Sunday, October 19, 2014

Tour of the water town, Zhujiajiao

On Friday, October 17, I went on a Community Center of Shanghai tour to Zhujiajiao with my friends Sandy Foley, Sarah Smith, Jen Manna and her son Brian. 
Zhujiajiao is an ancient town located in the Qingpu District of Shanghai, although it took us nearly two hours to get there from our part of Shanghai.  Our tour consisted of the 5 of us plus 2 elderly Chinese women and three Austrian tourists.  The guide spoke excellent English and was very informative.  

Zhujiajiao may be one of the most well-known ancient water towns near Shanghai, with unique old bridges running across narrow streams, small rivers shaded by willow trees and fresh local cuisine. However, Zhujiajiao is also a tourist town - most of the old buildings in the heart of town have been turned into shops, restaurants and tea houses, all selling the same things I've seen in every other water town.
 
We started our tour at some lovely gardens of the Zhu family which originally settled the town.  We got to see a demonstration of paper cutting, which is a beautiful art form.  It's amazing to me that they make elaborate paper cutting art with no pattern or guide, just by free-form cutting.  The prices were very reasonable, so several of us bought some traditional art work.
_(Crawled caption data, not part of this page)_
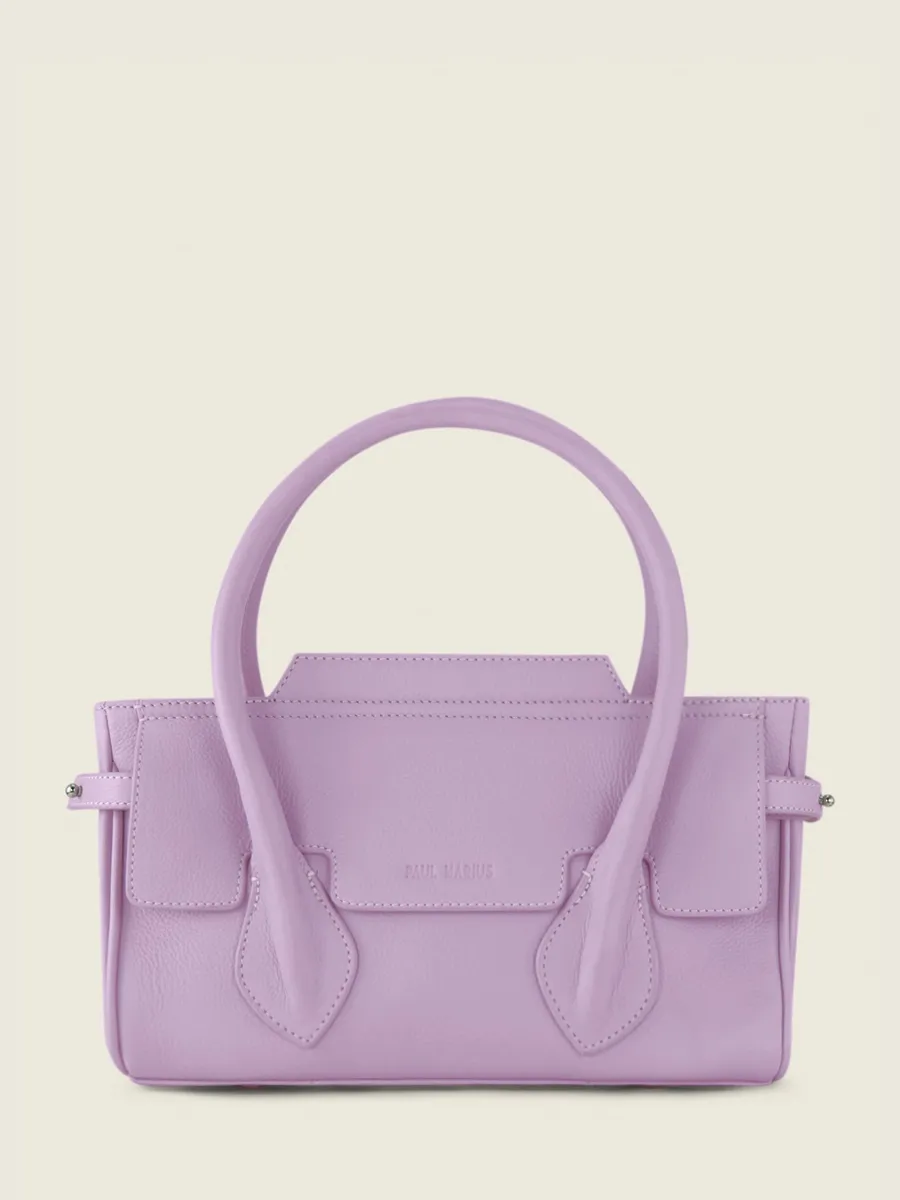 Purple Leather Handbag for Women - Madeleine S Pastel Lilac | PAUL MARIUS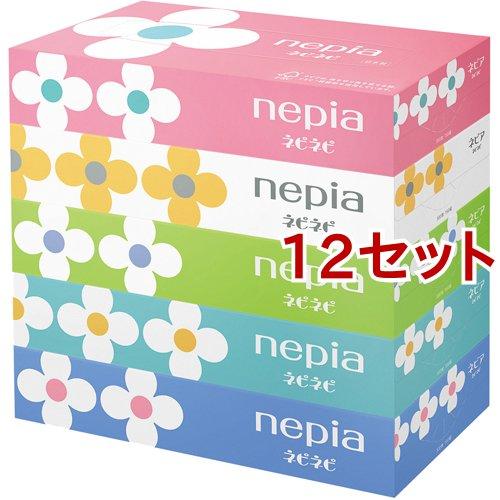 ネピア ネピネピ ティッシュ ( 300枚(150組)×5個パック×12セット 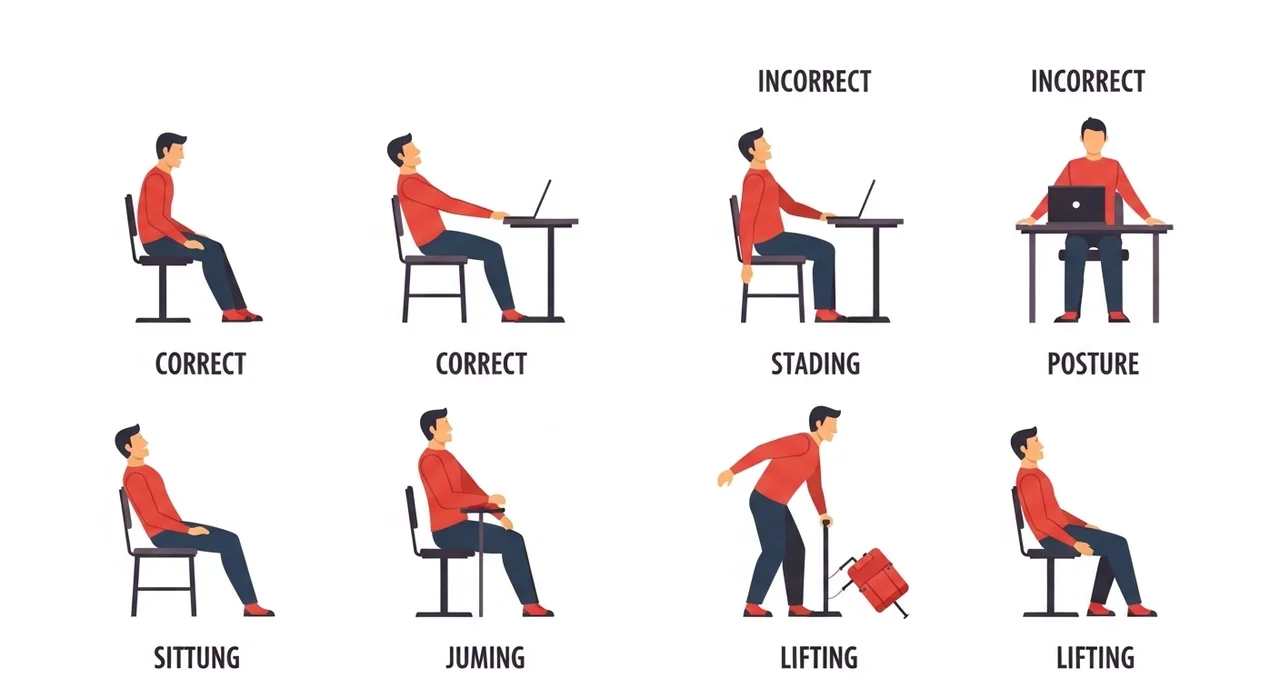 일상 속 허리 통증 예방: 올바른 자세와 생활 습관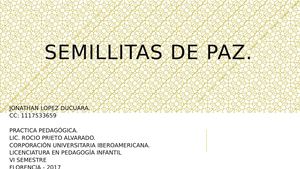 Semillitas De Paz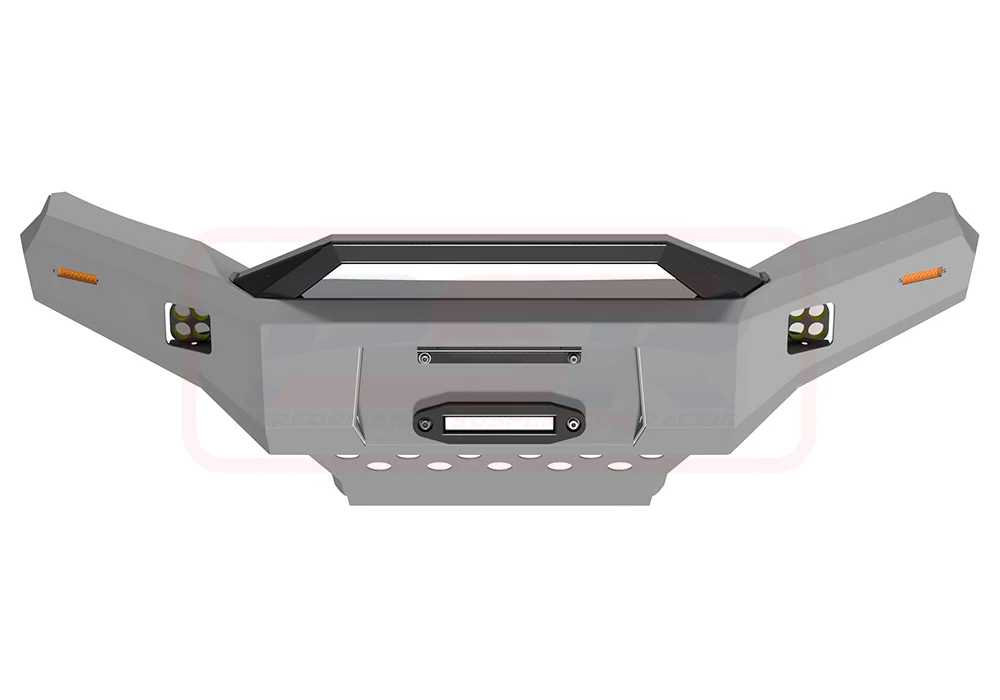 Holden Colorado (6/2012-2020) RG RG2 Ambush Sheet Metal Hoop Bullbar - Image 6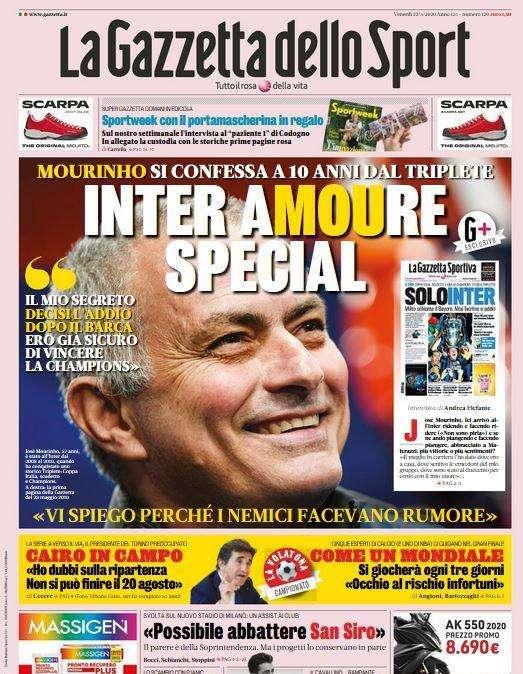 Gazzetta dello Sport: "Come un Mondiale: si giocherà ogni tre giorni"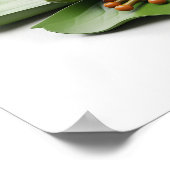 Banjo-Playing Frog Poster (Ecke)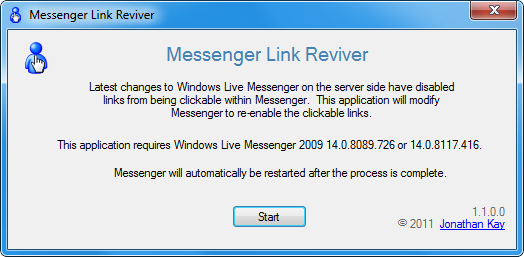 Messenger Link Reviver Messenger Link Reviver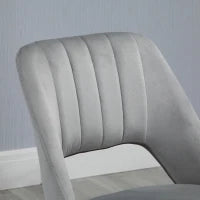 Sedia da Ufficio Ergonomica e Girevole, Sedia Imbottita per Scrivania con Altezza Regolabile, Grigio 49x60x79-91cm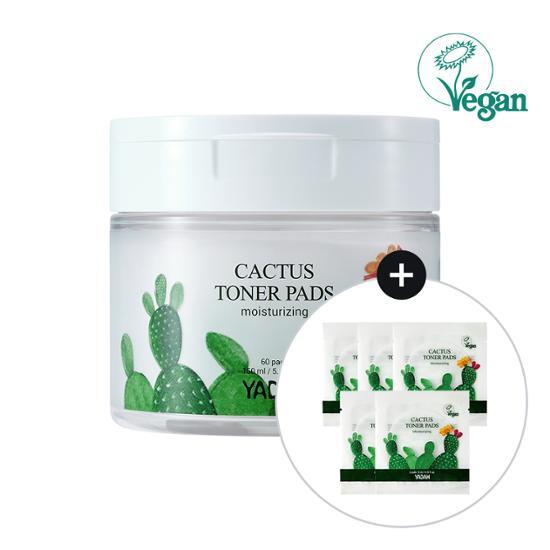 Yada Cactus Toner Pad (60 Sheets of Original Product + 10 Additional Sheets Given)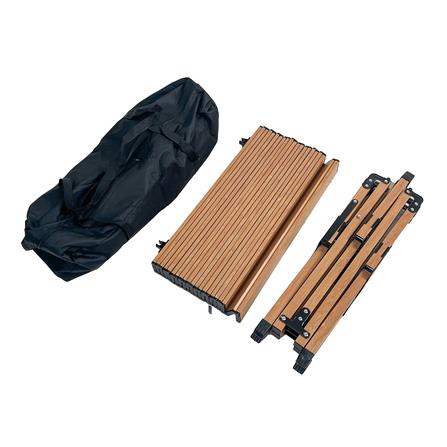 โต๊ะพับตั้งแคมป์ SPRING WOOD GRAIN 120X60 ซม. สีน้ำตาลอ่อน_5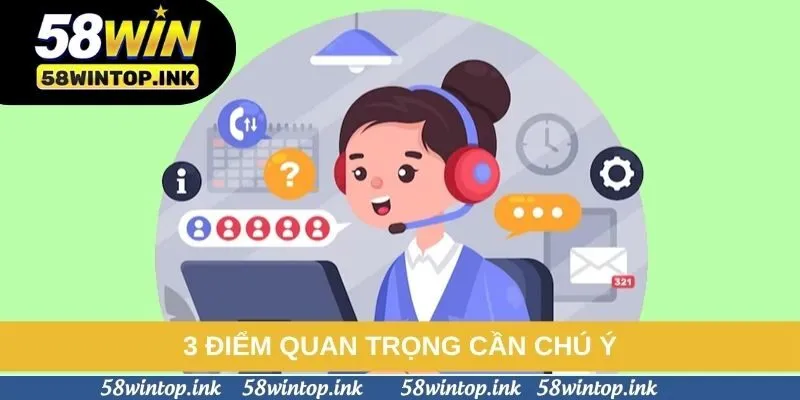 3 điểm quan trọng cần chú ý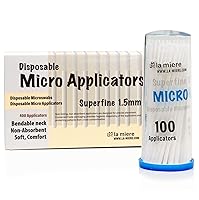 Vista 1 de LA MIERE los aplicadores micro dentales blancos de 400pcs 3.9 ft m cepillan finos, microswabs disponibles superfino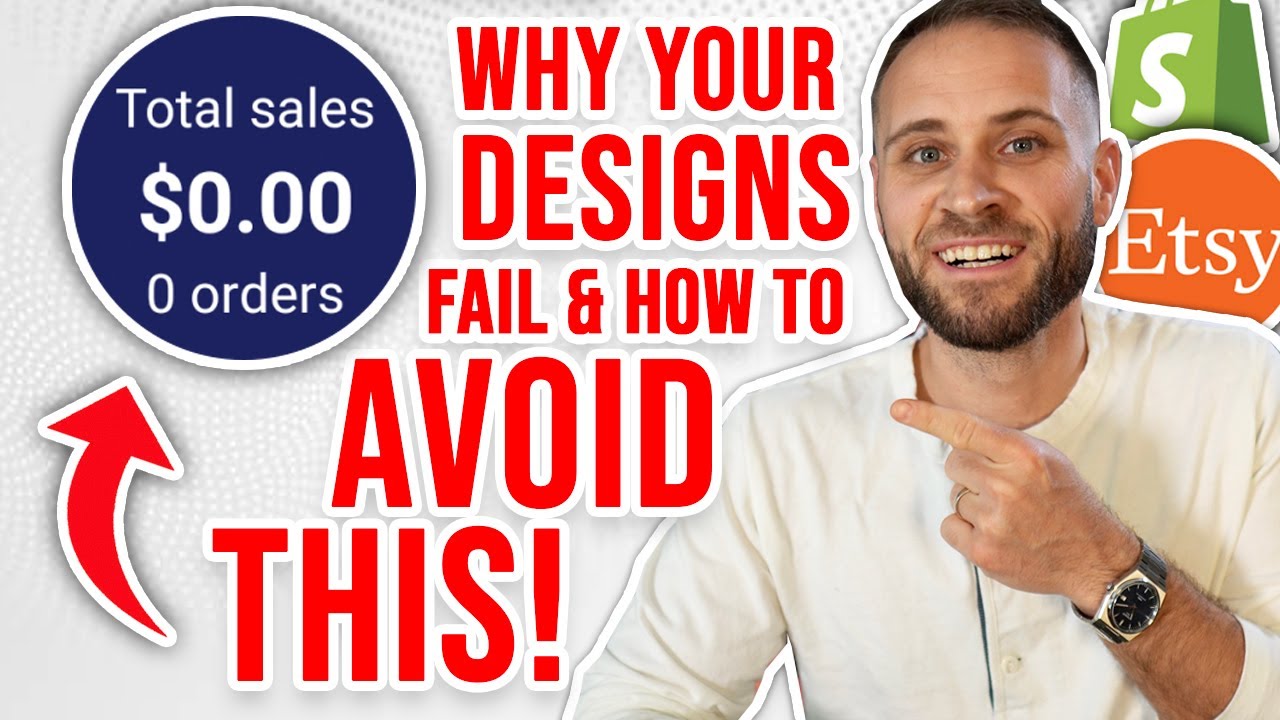 BEGINNER GUIDE To Make Print On Demand Designs That Sell (And Top Mistakes To Avoid)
The gardens were peaceful and, for a first for me in a water town garden tour, actually contained a garden - a vegetable garden and an area where they were growing rice.  Not much rice, though, as the guide said it's mostly a place for parents to stop and tell their children to study hard or they will end up in the rice patties.  I always love the rock formations.  Our guide said that they took the limestone rocks, put them in the water for 200 years and then sculpted them into the formations we now see.  I even found one that looked like an elephant to me.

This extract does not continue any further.